Using graphic design principles to design user-friendly corporate dashboards
Dashboards are tools business analysts use to aggregate and display vital data and key performance indicators at a glance to monitor and assess business performance. Because we do not have a user interface/user experience design team at our organization, these dashboards are created by technology analysts in the IT department, who place more importance on the back-end data models than the front-end interface. This has led to poorly designed dashboards that confuse analysts.

To address this gap, I worked with analysts to understand their goals and pain points and partnered with data engineers to develop data models that seamlessly sourced and automatically refreshed data. I used design principles to construct dashboards that were intuitive and informative. 

This is a screenshot of a dashboard that was used by analysts in my company before I joined this team. The numbers in this report have either been blurred or changed to protect proprietary information
Considering User Needs
choosing the right graphic
Data is classified into nine broad categories: chronology, segmentation, magnitude, distribution, geographic, ranking, deviation, correlation, and flux. By picking a certain graph, I am instructing the user on how to examine the information. As a result, before developing any dashboards, I consult with users to understand the questions they are attempting to answer and the decisions they are attempting to make.

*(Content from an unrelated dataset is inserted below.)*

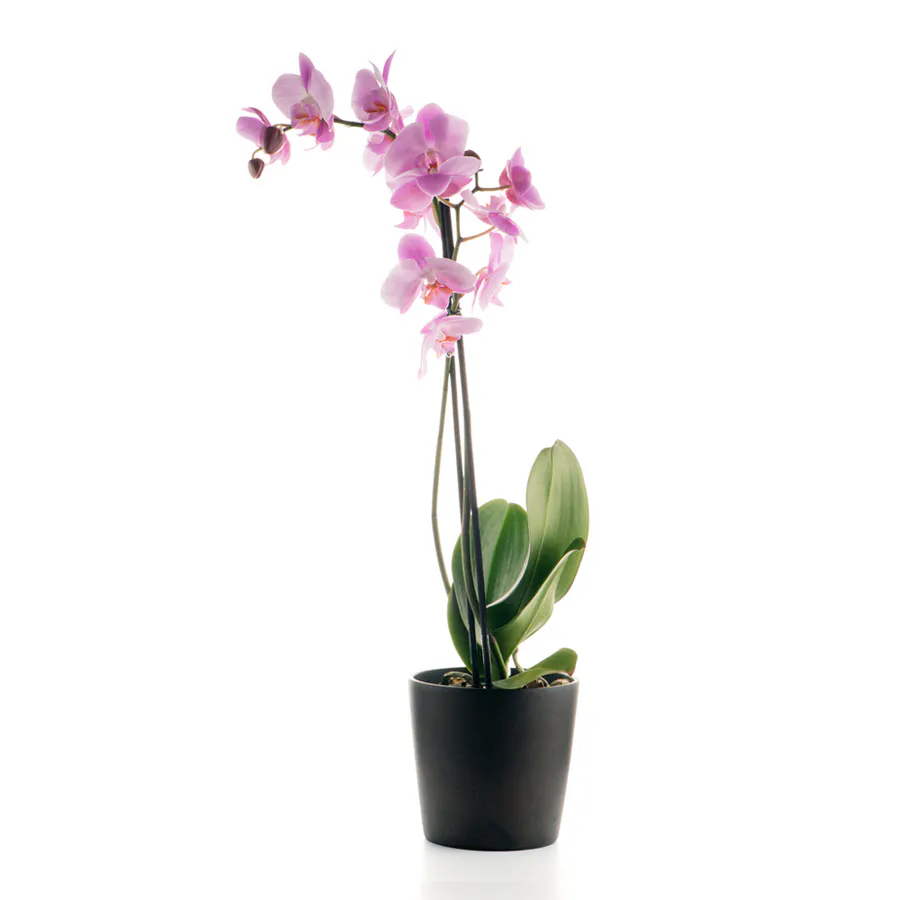 Orchidée mouchetée
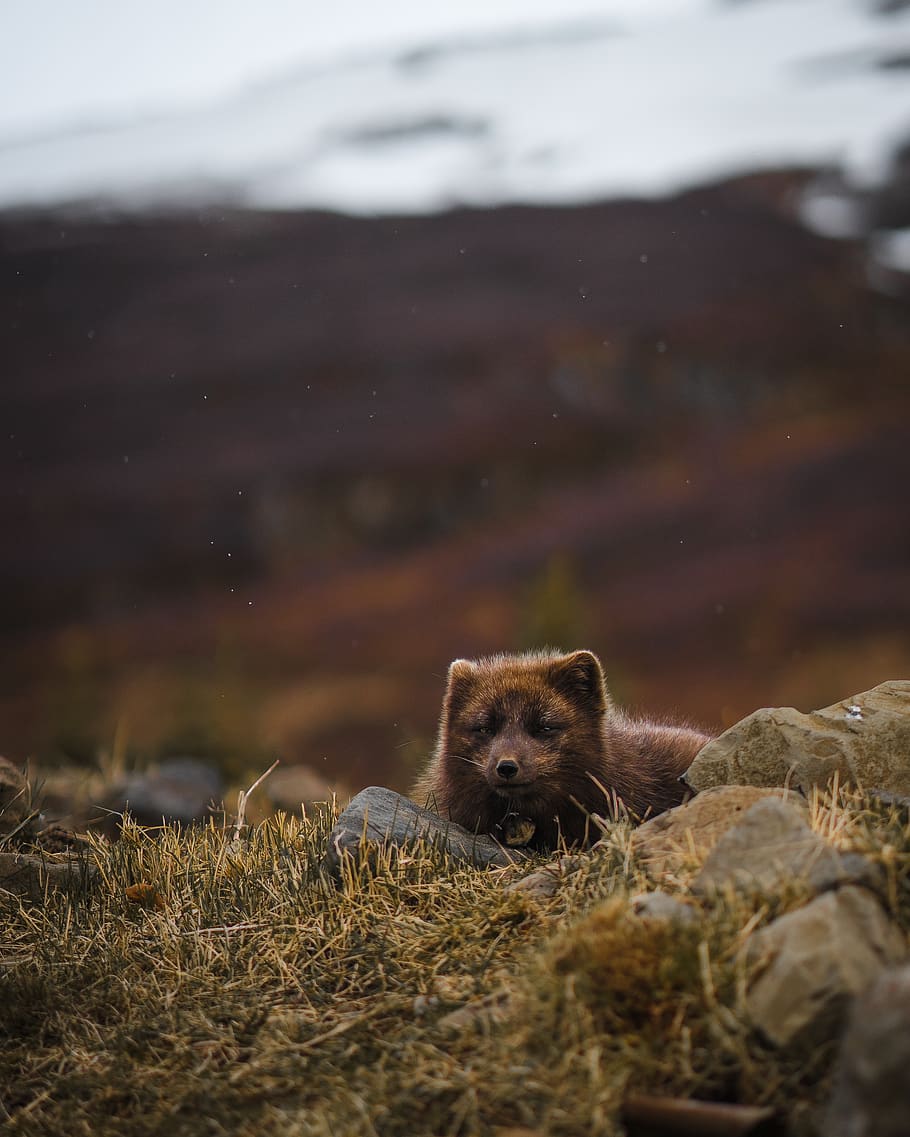 brown bear, animal wildlife, animal themes, animals in the wild HD wallpaper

I use this to choose the appropriate graphs
planning the layout across pages
Every dashboard serves a particular function and audience; hence their layouts differ. However, for each dashboard, I strive to address the same questions: how should a user navigate the dashboard? In what sequence should they see the data? Which visuals interact well with one another? Which image will receive the most attention? What level of information is necessary for the reporting?

To make it easier for the end user to browse without becoming confused, I keep the color, text, and layout similar across the sites. Because not all Power BI users are familiar with the UI, I offer small help hints and legends that are suggested.

receiving feedback and iterating

After developing dashboards, I check in with end users regularly to assess what works and iterate depending on their changing needs.

Maintaining this feedback loop with end users and routinely discussing how dashboards may be enhanced has shown to be effective in establishing trust in the reporting process.